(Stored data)
::::

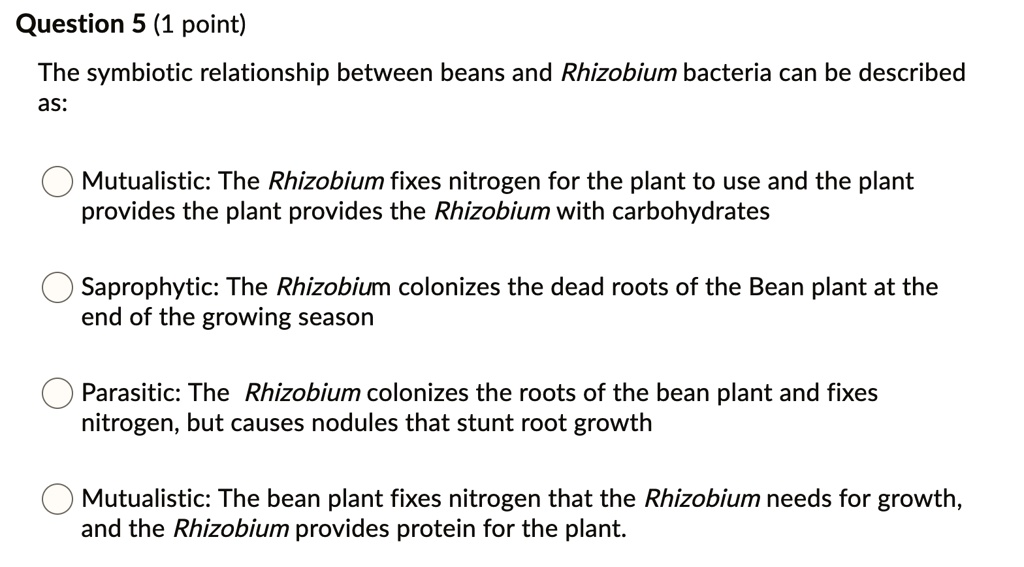The symbiotic relationship between beans and Rhizobium bacteria can be described as:

Mutualistic: The Rhizobium fixes nitrogen for the plant to use and the plant provides the plant provides the Rhizobium with carbohydrates

Saprophytic: The Rhizobium colonizes the dead roots of the Bean plant at the end of the growing season

Parasitic: The Rhizobium colonizes the roots of the bean plant and fixes nitrogen, but causes nodules that stunt root growth

Mutualistic: The bean plant fixes nitrogen that the Rhizobium needs for growth, and the Rhizobium provides protein for the plant.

::::

• **YOUR INSTRUCTIONS**
Word for word, retype the lines from the one containing "Parasitic: The Rhizobium" through the final line of the data, including both ends and nothing more.

• **ANSWER SECTION**
Parasitic: The Rhizobium colonizes the roots of the bean plant and fixes nitrogen, but causes nodules that stunt root growth

Mutualistic: The bean plant fixes nitrogen that the Rhizobium needs for growth, and the Rhizobium provides protein for the plant.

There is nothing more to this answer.